Pigs should be acclimatised to handling or trained to help make working with them more efficient and safer for them and the handlers. Training/gentling pigs is typically used for better outcomes in a variety of situations and for different purposes. These include:
- For pen cleaning and daily management
- For showing and preparation
- Movement between pens and facilities
- Routine husbandry procedures.
Routines are extremely important when training animals. Older, well trained animals can be used to guide younger or newly acquired animals into good habits and help reduce the time taken in training.
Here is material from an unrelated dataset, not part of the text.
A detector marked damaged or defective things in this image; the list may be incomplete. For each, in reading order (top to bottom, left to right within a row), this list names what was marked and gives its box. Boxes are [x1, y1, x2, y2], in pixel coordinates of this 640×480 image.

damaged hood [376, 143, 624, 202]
|Training for competition or showing||3|
|Loading and unloading animals onto transporters||3|
|Showing animals at school and away||3|
Time and effort needs to be put into training animals for the show ring. Training is best done slowly from a young age. There are two phases involved in showing pigs, preparation and show day.
Preparation of the animal
Preparation of pigs for a show involves getting the animals used to being in a pen in a busy show atmosphere as well as being in close proximity to handlers, being groomed and transported to the show. It is important to start getting pigs acclimatised to being handled when leading up to a show. This can be done by penning the pigs and feeding them, familiarising them with the handler. When the pigs are more comfortable with the handler they can begin to be groomed. Brushing the pigs will not only improve their coat but will gentle the pigs, making them more docile and used to being handled. The more settled a pig becomes at being in a pen and being handled, the better it will cope with the atmosphere of the show. Prior to the show, pigs will need to be washed a few times. This should be done by first wetting them with warm water to loosen mud and faeces, then scrub the pig with a mild shampoo and finally rinse the pig thoroughly, making sure there is no shampoo left on the animal. It is then recommended to keep the pig in a pen with clean bedding. To further improve the pigs’ appearance and skin condition you can rub a mild oil into the coat.
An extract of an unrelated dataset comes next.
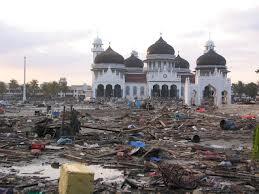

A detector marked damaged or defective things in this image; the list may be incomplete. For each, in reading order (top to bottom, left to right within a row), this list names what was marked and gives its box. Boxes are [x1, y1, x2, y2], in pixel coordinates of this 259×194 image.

By the time pigs are going to show they should be well acclimatised to being extensively handled and penned for extended periods of time in a busy environment. It is important to allow plenty of time for transport, grooming and settling in on the day of the show so that you are not rushed. Make sure all relevant paper work including registration and breeding paper are taken to the show as well as a well-prepared grooming kit. When transporting the animals to the show take care not to over crowd the vehicle. Also avoid transporting pigs in hot weather. If high temperatures are forecast, transport the pigs early in the morning rather than in the middle of the day. Also avoid feeding the pigs large amounts of feed before transporting. Keep in mind that the pigs will usually get very dirty while being transported, so allow time to wash and groom them before the judging.